Woman in yellow poncho walking among the ruins of Mirante da Granja Guarani in Teresopolis, Brazil.

As with any public structure, the Mirante da Granja Guarani remains susceptible to vandalism, so the prospect of restoring it comes with a modicum of hesitation. Why restore it if it cannot be protected from vandals?

Unfortunately, this indecisiveness has only left the iconic edifice open to more destruction, and one wonders how much longer it will be before Jorge Colaço’s beautiful storytelling works of art are completely defaced.
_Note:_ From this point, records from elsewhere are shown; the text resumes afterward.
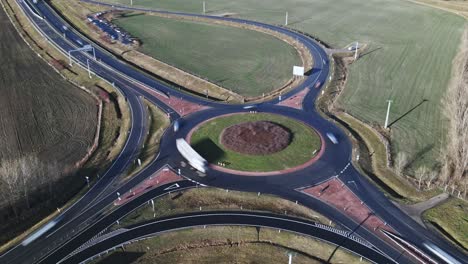 an aerial time-lapse video of a roundabout with cars and trucks moving at high speed. the video captures a well-structured road network, connected highways in the background.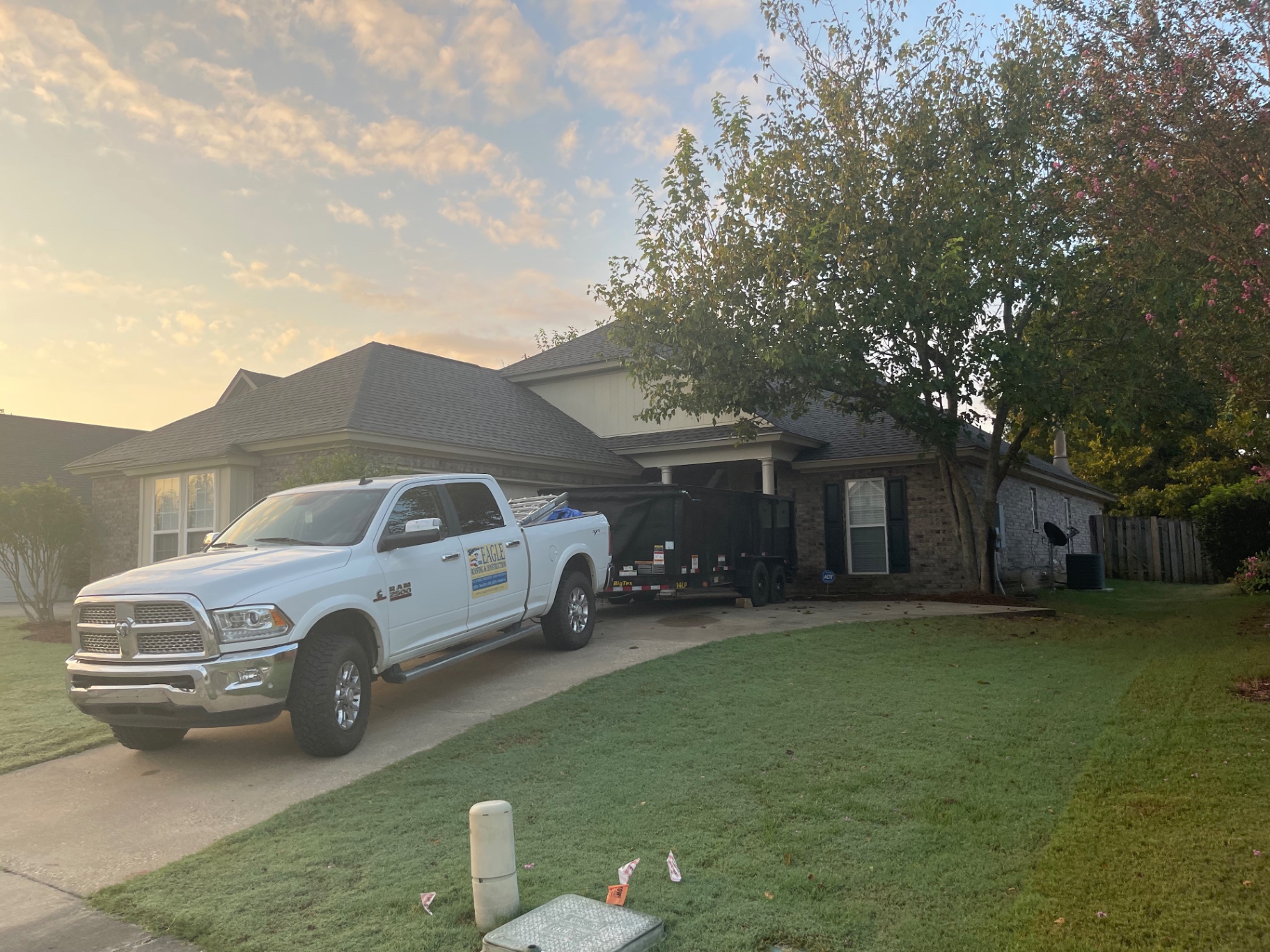 Suburban home at sunrise with Eagle Roofing truck and trailer parked ahead of project work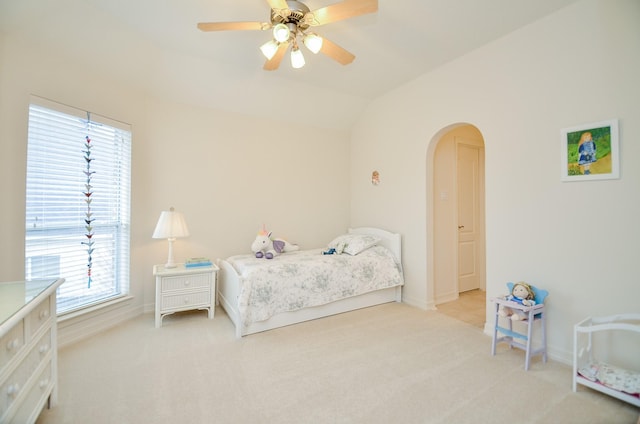 carpeted bedroom featuring lofted ceiling and ceiling fan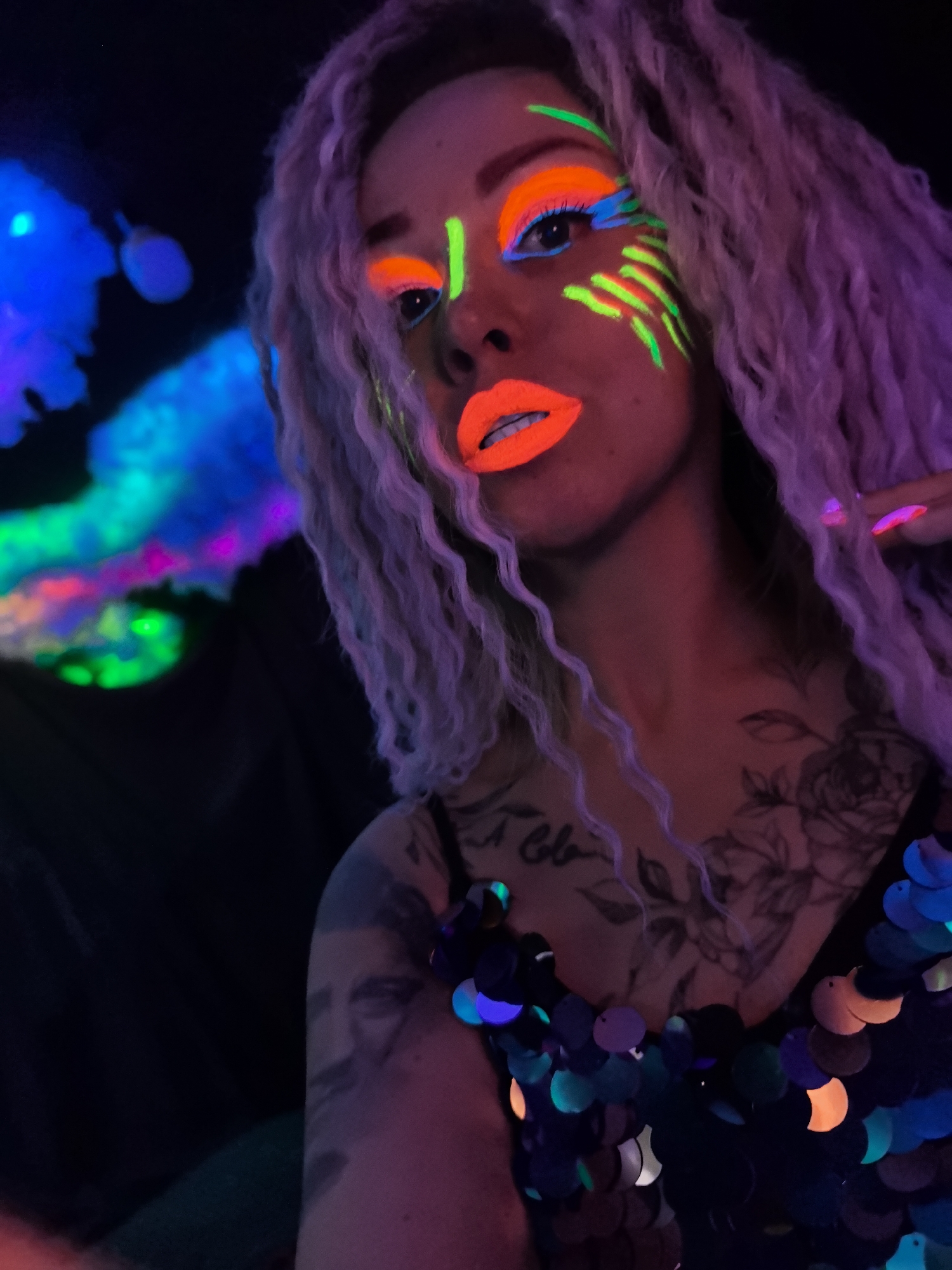 A vibrant portrait captures a woman in a dark, blacklight environment, adorned with striking, glow-in-the-dark makeup. Her face is accentuated with neon orange lipstick, a bold application of neon orange eyeshadow on her eyelids, and bright blue eyeliner along her lower lash line. Neon green stripes and dashes are painted on her cheekbones and near the inner corner of one eye. Her long, wavy hair appears light purple or lavender under the UV light. She wears a dark top embellished with iridescent sequins that reflect various neon colors, including blue, green, and orange. Visible tattoos include a large floral design and indistinct text on her chest, and a portrait on her upper arm. Her fingernails are also painted with a glowing polish. In the background, abstract, glowing shapes and swirls of light in shades of blue, green, and pink/purple suggest an artistic or party setting under blacklight conditions, likely at night. The subject's expression is confident and direct.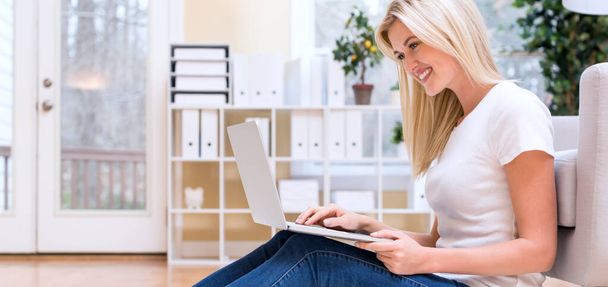 Happy young woman using her laptop - Photo, image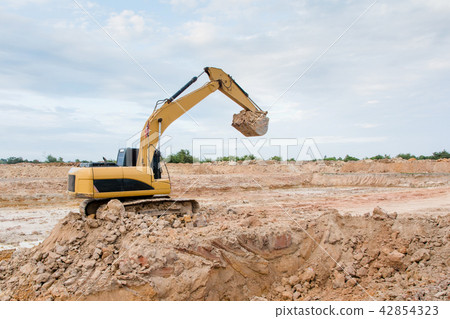 Yellow excavator machine working earth moving work Yellow excavator machine working earth moving work 42854323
At this point, one must ask: “Which is more important — the structure itself or the artwork adorning its walls?”

It is not an easy answer.

However, due to the damage already sustained, it does not appear that the painted tiles could ever be completely restored. With that in mind, it begs the question of whether these works should be carefully removed, restored as well as they possibly can be, and displayed in a museum where they can be preserved for future generations.

On the other hand, as anyone who has ever tried to remove tile knows, such a task is difficult. Tile is incredibly brittle, and the act of removing it may completely destroy it.

So there it sits, exposed to spray-paint-wielding jackals of the night in an area unable to protect it and a community with more pressing financial matters.

No, there are no easy answers.

Years from now someone will surely ask why nothing could have been done to protect this legacy. By then it will be too late.

Woman in yellow poncho sitting among the ruins of Quiosque das Lendas in Teresopolis, Brazil.